Multilingual Test-Time Scaling via Initial Thought Transfer
Prasoon Bajpai, Tanmoy Chakraborty
TL;DR
This work addresses the gap in multilingual reasoning by systematically evaluating test-time scaling across high- and low-resource Latin-script languages using two DeepSeek-R1 models on the multilingual AIME2025 benchmark. It reveals substantial language-dependent variability in scaling, with prevalent English leakage during long reasoning and divergent initial thought patterns for low-resource languages.
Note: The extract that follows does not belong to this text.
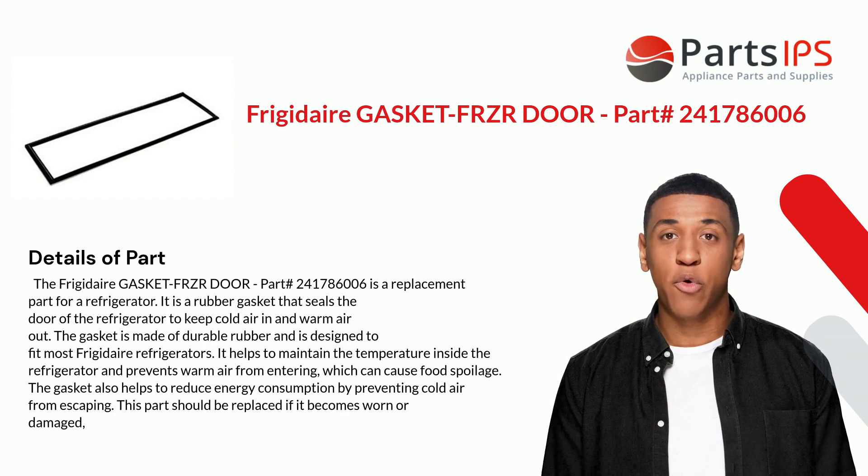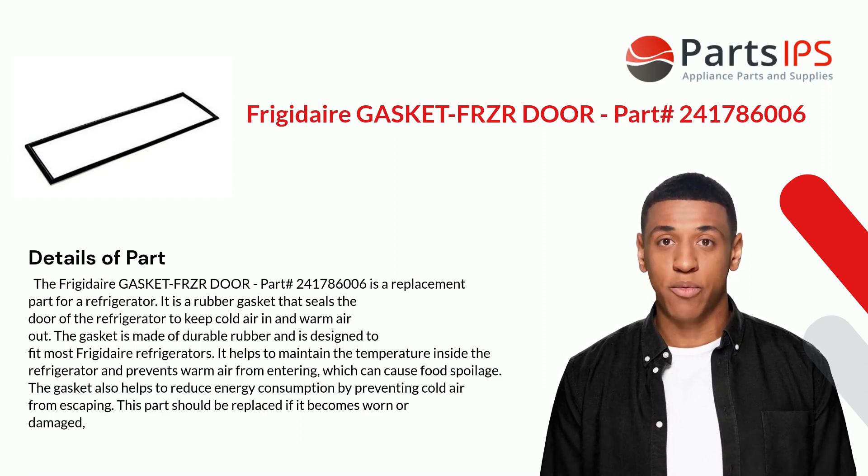The Frigidaire Gasket Freezer Door, part number 241786006, is a replacement part for a refrigerator. It is a rubber gasket that seals the door of the refrigerator to keep cold air in and warm air out. The gasket is made of durable rubber and is designed to fit most Frigidaire refrigerators.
The authors introduce MITT (Multilingual Initial Thought Transfer), a lightweight, unsupervised prefix-tuning approach that transfers high-resource reasoning prefixes to improve cross-language reasoning without cross-lingual supervision. MITT demonstrates improved reasoning performance and more stable scaling for DeepSeek-R1-Distill-Qwen-7B, especially in underrepresented languages, highlighting a practical path to strengthen multilingual reasoning fidelity at inference time. The findings underscore the importance of reasoning-grounded multilingual generalization and provide diagnostic tools and an effective intervention to reduce cross-language disparities.
Abstract
Test-time scaling has emerged as a widely adopted inference-time strategy for boosting reasoning performance. However, its effectiveness has been studied almost exclusively in English, leaving its behavior in other languages largely unexplored. We present the first systematic study of test-time scaling in multilingual settings, evaluating DeepSeek-R1-Distill-LLama-8B and DeepSeek-R1-Distill-Qwen-7B across both high- and low-resource Latin-script languages. Our findings reveal that the relative gains from test-time scaling vary significantly across languages. Additionally, models frequently switch to English mid-reasoning, even when operating under strictly monolingual prompts. We further show that low-resource languages not only produce initial reasoning thoughts that differ significantly from English but also have lower internal consistency across generations in their early reasoning. Building on our findings, we introduce MITT (Multilingual Initial Thought Transfer), an unsupervised and lightweight reasoning prefix-tuning approach that transfers high-resource reasoning prefixes to enhance test-time scaling across all languages, addressing inconsistencies in multilingual reasoning performance. MITT significantly boosts DeepSeek-R1-Distill-Qwen-7B's reasoning performance, especially for underrepresented languages.